Second: Let us reexamine our attitude toward the Soviet Union…. No government or social system is so evil that its people must be considered as lacking in virtue. As Americans, we find communism profoundly repugnant as a negation of personal freedom and dignity. But we can still hail the Russian people for their many achievements—in science and space, in economic and industrial growth, in culture and in acts of courage….
So, let us not be blind to our differences — but let us also direct attention to our common interests and to the means by which those differences can be resolved. And if we cannot end now our differences, at least we can help make the world safe for diversity
Third: Let us reexamine our attitude toward the cold war, remembering that we are not engaged in a debate, seeking to pile up debating points…. Our interests converge, however, not only in defending the frontiers of freedom, but in pursuing the paths of peace….
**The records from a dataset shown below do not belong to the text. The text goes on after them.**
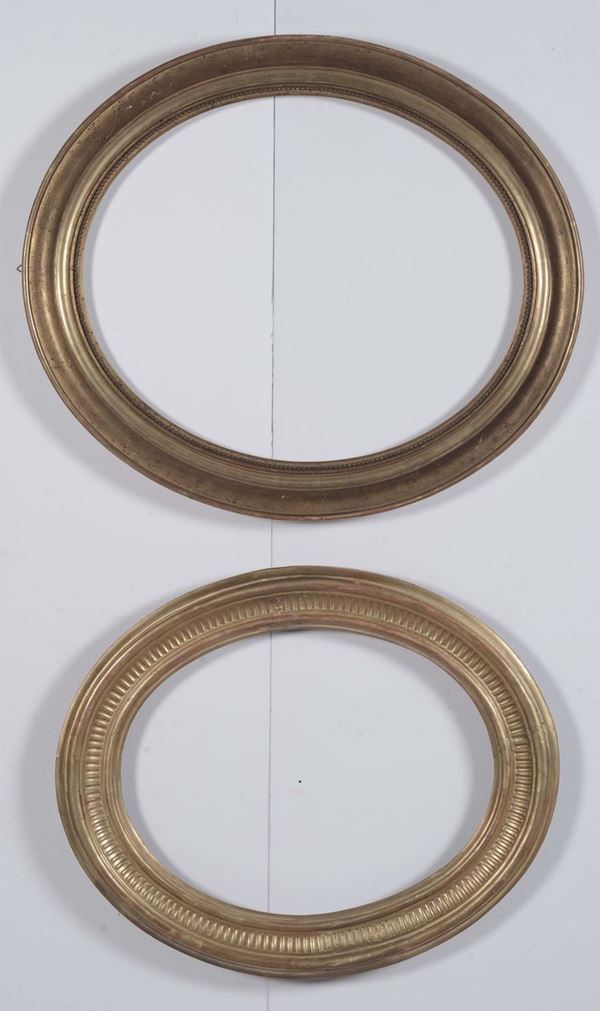 Lotto di due cornici ovali in legno dorato, XIX secolo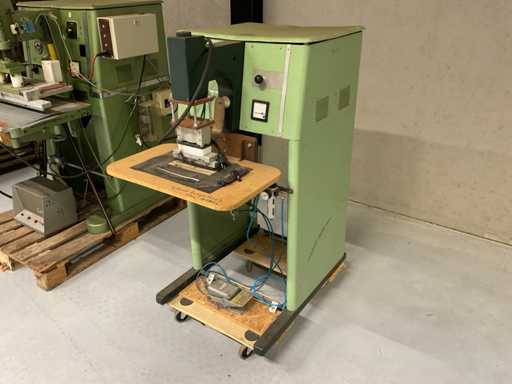 Novera Tel480 Folienprägemaschine
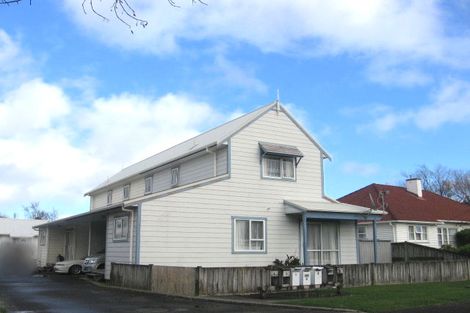 Photo of property in 7/163 Whites Line East, Waiwhetu, Lower Hutt, 5010
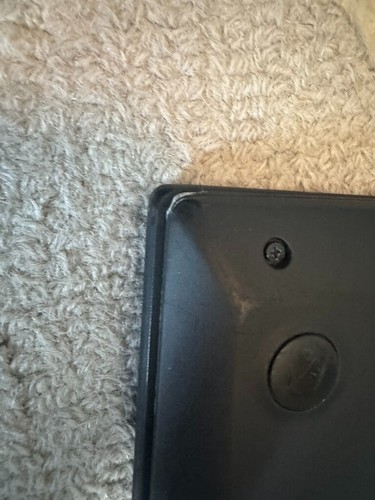 BROKEN/Parts Lenovo X1 Carbon - Often Fails to boot - 2.0ghz i7-3667U - 4gb RAM - Picture 7 of 8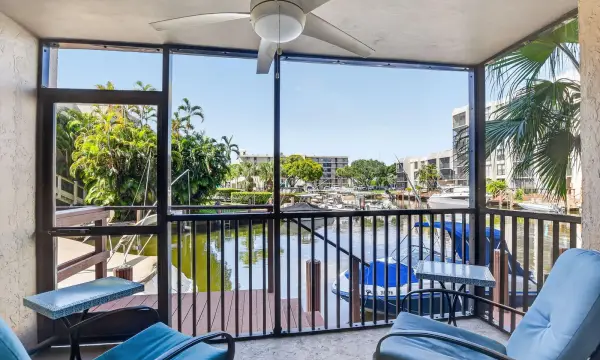 3 Royal Palm Way 102, Boca Raton, FL 33432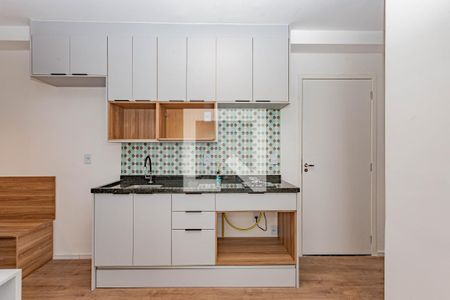 Sala e cozinha de apartamento para alugar com 2 quartos, 31m² em Ipiranga, São Paulo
Finally, my fellow Americans, let us examine our attitude toward peace and freedom here at home. The quality and spirit of our own society must justify and support our efforts abroad…..
As part of his new vision for America, Kennedy entered into the Nuclear Test Ban Treaty with the Soviets, over the vehement objections of the Pentagon and the CIA. He also ordered a partial pull-out of U.S. troops from Vietnam and told close aides that he would effect a total pull-out after he won the 1964 election, a position that was anathema to the Pentagon and the CIA. He entered into personal negotiations with Soviet Premier Nikita Khrushchev to bring an end to the Cold War and establish normal relations with the Soviet Union. On the day he was assassinated, Kennedy’s personal emissary was having lunch with Cuban leader Fidel Castro to explore normalizing relations with Cuba.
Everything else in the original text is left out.